A story on how we optimized things for performance

`/blog/a-story-on-how-we-optimized-things-for-performance`

October 6, 2024

Introduction

I have always strived to write the most performant code at Pandabase, as we need speed and reliability to handle the large volume of payments we process every day. I’ve optimized various components, from database queries to caching, and implemented proper rate limits to ensure that everyone can utilize our API without sacrificing performance or security.

The Problem

During the development of our API, I faced a significant issue with performance. Our serial management system, which is written in TypeScript and Node.js, had issues with decrypting and encrypting the thousands of keys we processed. We did not want to compromise on speed, as processing time was reaching up to 5 seconds per request.
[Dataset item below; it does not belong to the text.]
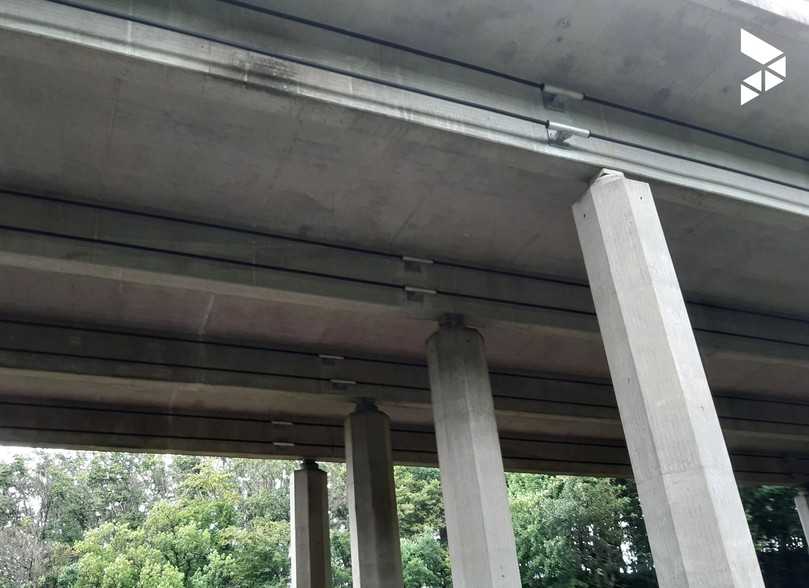 Talbrücke der A44 über den Lüner Bach bei Unna: Die Brückenhauptträger wurden durch den Einbau zusätzlicher externer Spannglieder verstärkt. | Foto: Dywidag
Of course, several techniques could be employed, such as a job queue or processing in batches in the background. However, that didn’t make sense to me in this context, so I decided to try a couple of different approaches together.

Solutions

I came up with a number of ideas to solve this issue during the development of this specific API. Since our stack was limited to Go and Node, here’s what I came up with:

The Microservice

The serials API has its own database, and everything was already finished; the only bottleneck was the encryption/decryption processing with AES-256-CBC. This led me to another idea: what if I wrote an HTTP server dedicated solely to encrypting and decrypting keys in a more performant language? I wanted to use either Go or Rust for this job, as both are fast enough to handle it.

Since our API mostly follows a microservice-based architecture, it was relatively easy to implement. However, this approach had several caveats and was ultimately abandoned. I did utilize goroutines in the Go implementation.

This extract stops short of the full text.